Next Year Is a Myth…
Gaza’s students are not just waiting for peace, they are waiting for time to begin again.

By Malak Radwan
In the quiet ruins of Gaza, where hope flickers like a candle in the wind, another academic year has passed, leaving behind the shattered dreams of thousands of students. Last January, as a fragile ceasefire briefly held, the Minister of Education spoke of plans to hold high school exams in February. But the necessary tools; electronic devices, the basic infrastructure for assessment, never arrived. Then, like a recurring nightmare, war returned in March, swallowing yet another chance for Gaza’s youth to sit for their exams.
October should have been the month of crisp notebooks, the rustle of final exam preparations, the nervous excitement of high school seniors in Gaza dreaming of universities. Instead, it became the month of rubble, of shelters, of names written on mass graves.
My brother Mohannad was supposed to be a first-year engineering student by now, following in our father’s and eldest brother’s footsteps. Instead, he is suspended in limbo; one of thousands of Gaza’s high school students whose academic lives were frozen when the genocide tore through their classrooms, their textbooks, their futures.
Gaza’s schools were not just buildings; they were vessels of hope. Now, some lie in ruins, reduced to skeletons of twisted metal. Others, still standing, have become shelters for families who no longer have homes. The blackboards that once held equations and essays now display the names of the missing. The science labs smell of sweat and displacement instead of chemicals.
The 2023 academic year was never completed. The 2024 exams were postponed indefinitely. For students like Mohannad, time has split into two parallel realities: the one where he should already be a university student, designing bridges and buildings, and this one, where he sits in a tent, reviewing old notes by candlelight, praying for a miracle.
Around him, an entire generation is stuck in the same purgatory. The brightest minds in Gaza; future doctors, engineers, and poets, are now experts in survival instead of calculus, in recognizing bomb sounds instead of chemical formulas.
Next year could be another war. Next year, the university itself might be gone. Next year.

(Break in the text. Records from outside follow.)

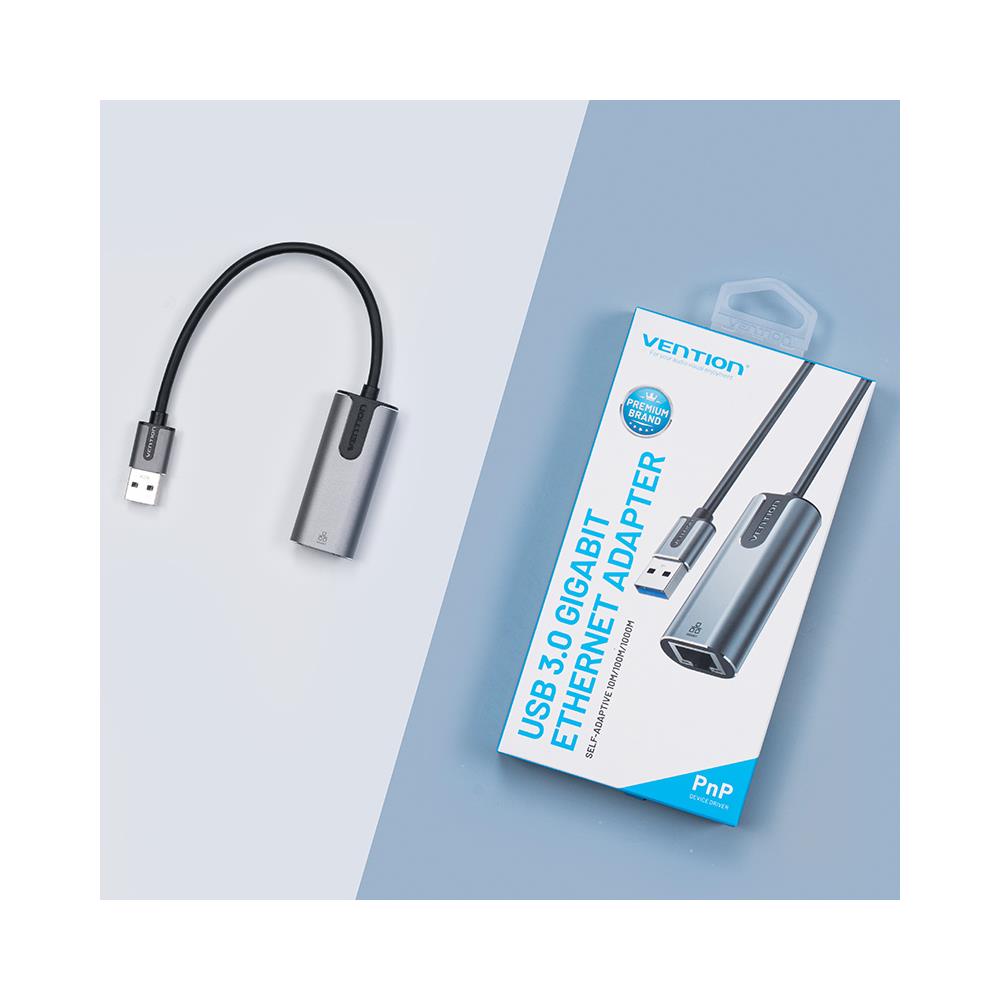 CEWHB scheda di rete e adattatore Ethernet 1000 Mbit /s - Foto 3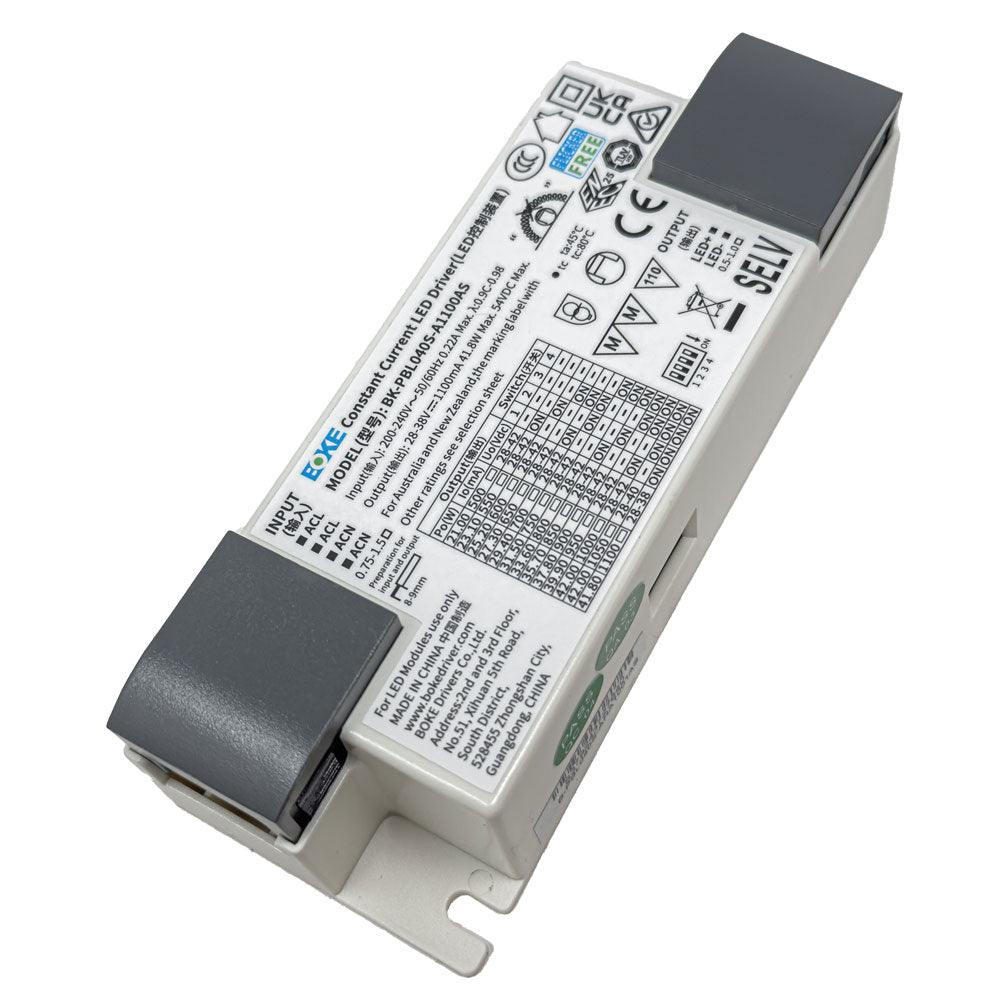 40W Boke Constant Current LED Driver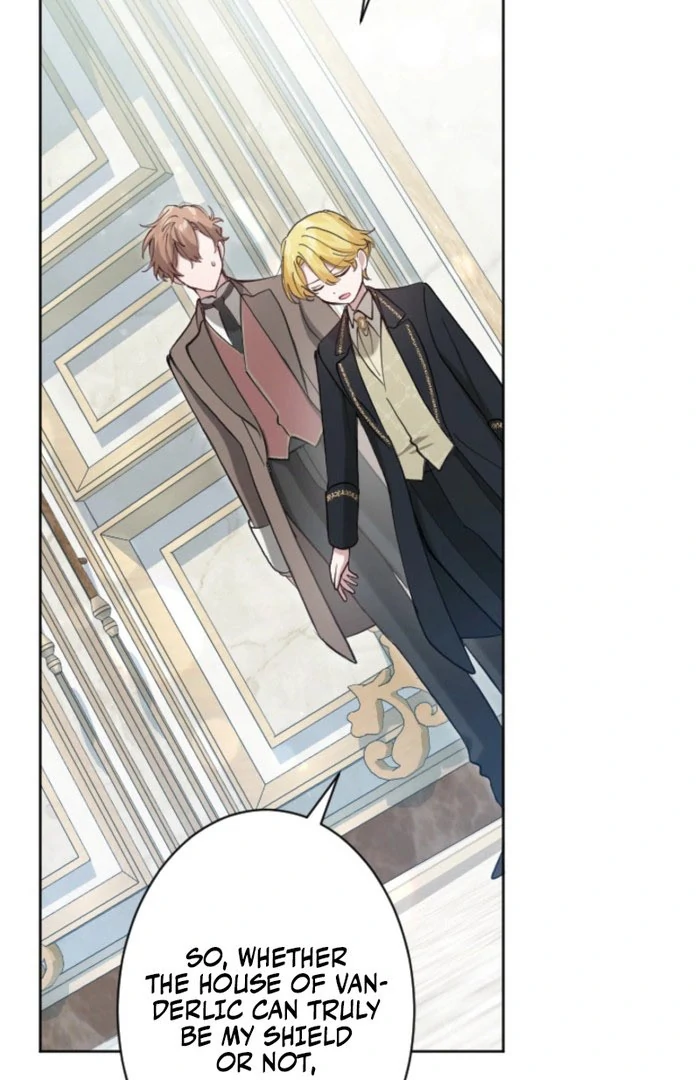 I Became the Stepmother of a Terminally Ill Child Chapter 29 - page 50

But next year is a myth in Gaza.
Still, they try. In the shelters, in the tents, between the sounds of drones and explosions, you’ll see them huddled over textbooks, sharing phone screens for online lessons when the internet works, trading notes like sacred texts. They clutch education like a lifeline, the last proof that they are more than just survivors, more than just statistics.

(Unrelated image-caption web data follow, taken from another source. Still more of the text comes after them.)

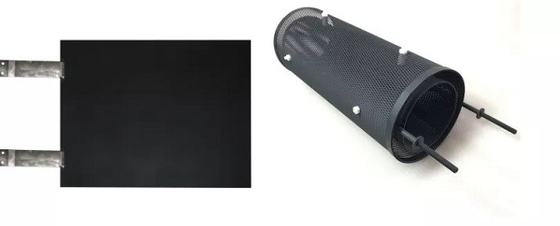 Titanium Sodium Hypochlorite Generator For Electrolysis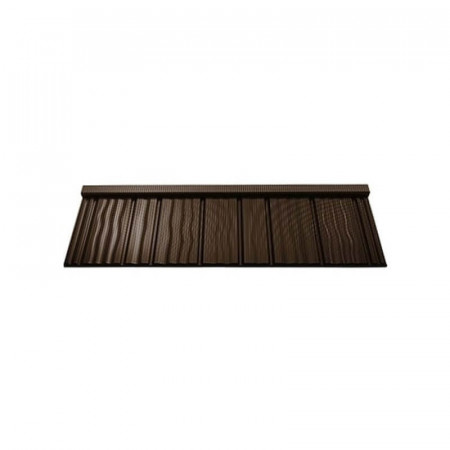 Tigla metalica Novatik Wood Metal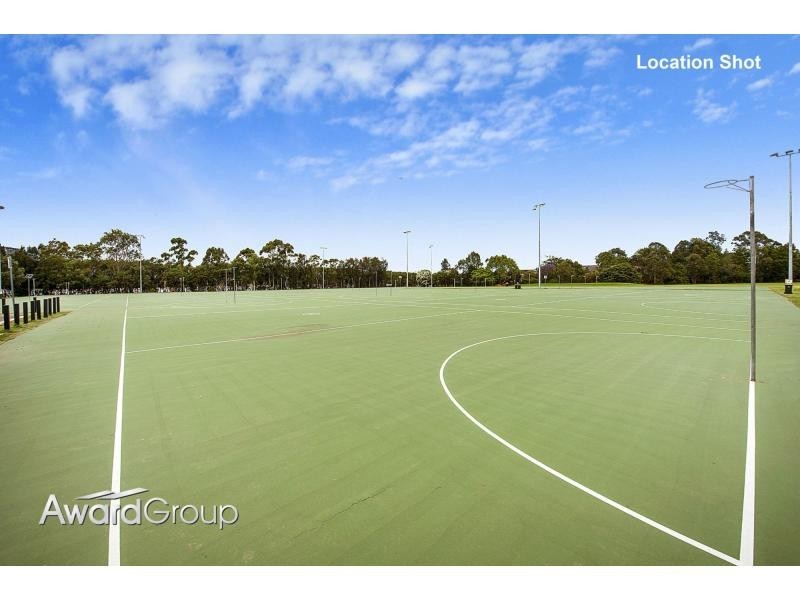 8a James Street, Melrose Park NSW 2114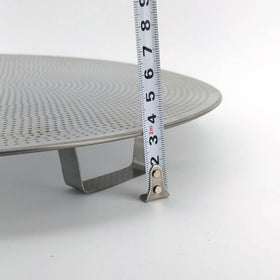 Boiler False Bottom | 35L | Digiboil | BrewZilla - 0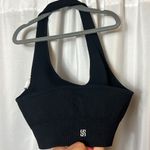 3 Peice Workout Wear Black Size L Size L Photo 11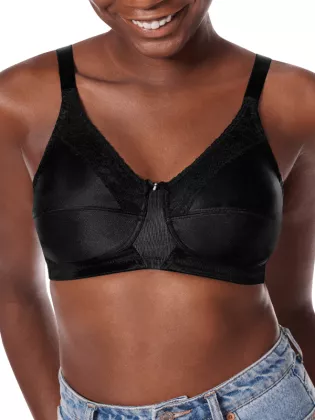 Soutien-gorge pour prothèse mammaire Nancy sans armatures – Amoena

While students elsewhere stress over grades and college applications, Gaza’s seniors stress over whether their exam centers will be bombed before they can sit for tests. While global universities debate academic freedom, Gaza’s students pray for the freedom to have academics at all.

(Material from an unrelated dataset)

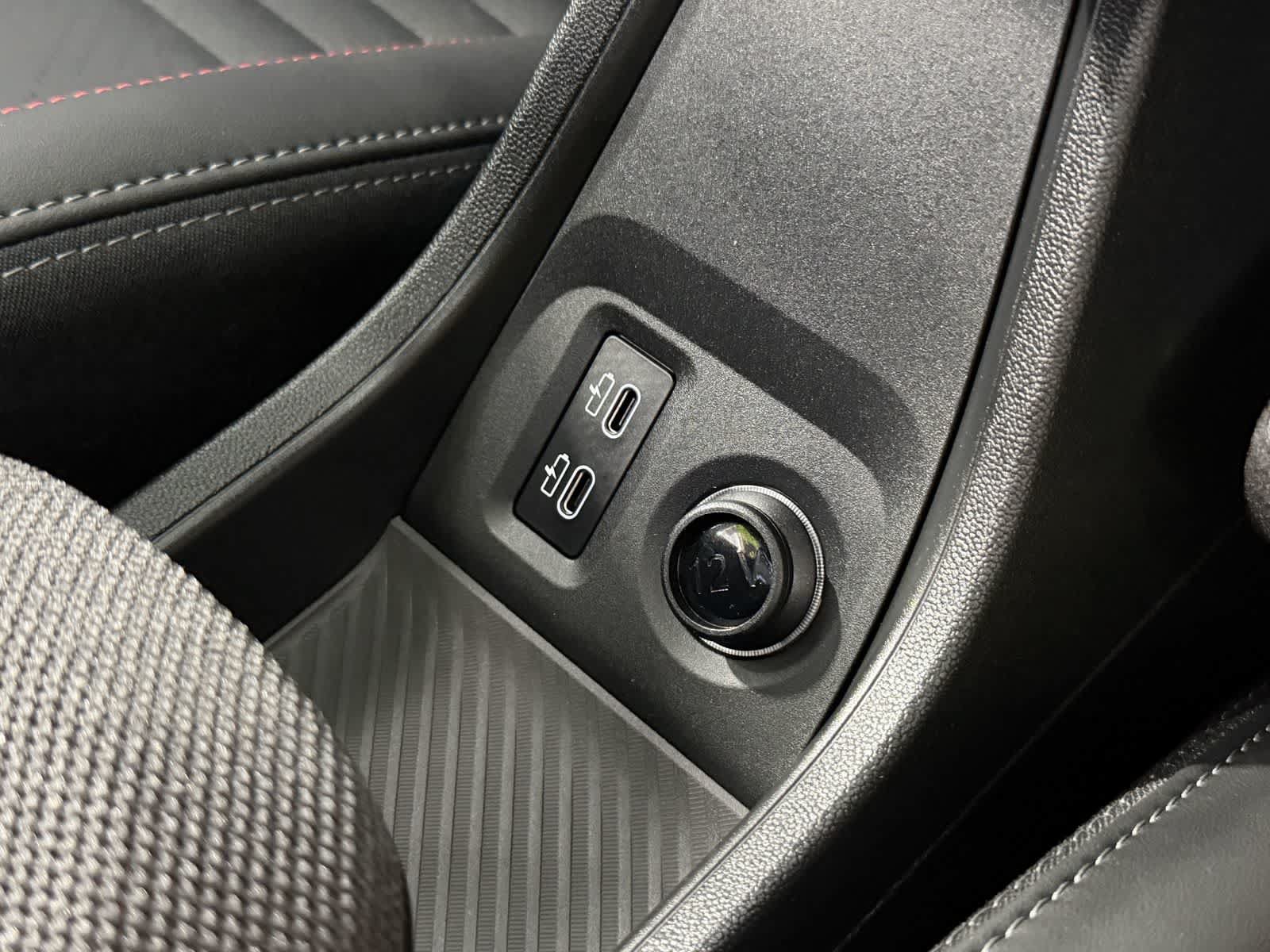 Used 2025 MINI Cooper John Cooper Works FWD image 22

The genocide didn’t just steal their homes. It stole their time.
They should be in a lecture hall. Instead, they’re in a tent, listening to the distant thunder of warplanes, wondering if he’ll live long enough to see a classroom again.
Gaza’s students are not just waiting for peace.
They are waiting for time itself to restart.
And the world watches, does nothing, and moves on to the next headline.
Now, as the West Bank celebrates another year of published high school results, Gaza’s students are left in the shadows, their futures suspended. For the second consecutive year, an entire generation has been denied the simple dignity of completing their education, of holding a diploma that might open doors to universities, careers, and a life beyond the rubble.